===== RECORDED INFORMATION =====

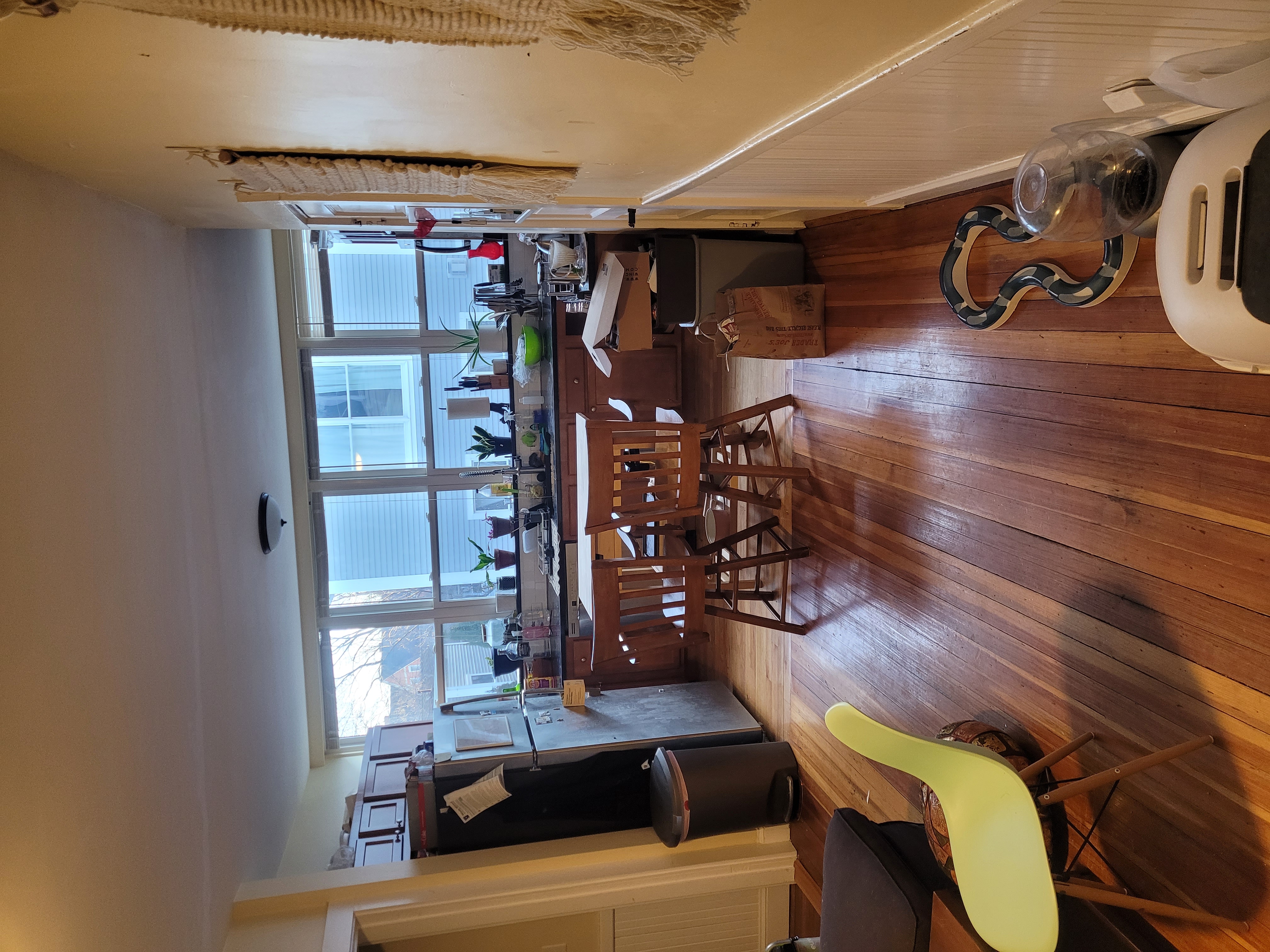 332 Beacon St, Porter Square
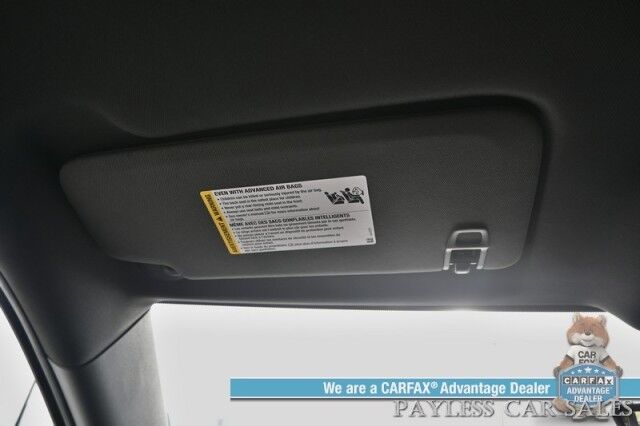 2022 Chevrolet Traverse RS Anchorage AK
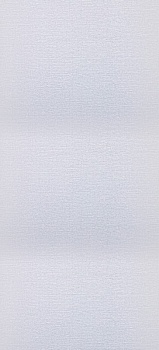 70443-46 Аспект Deluxe 1,06м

=====

TASK: Return exactly the lines running from the line with "2022 Chevrolet Traverse RS Anchorage AK" through the final line of the listing. Leave the pictures out.

WORKED SOLUTION:
 2022 Chevrolet Traverse RS Anchorage AK
 70443-46 Аспект Deluxe 1,06м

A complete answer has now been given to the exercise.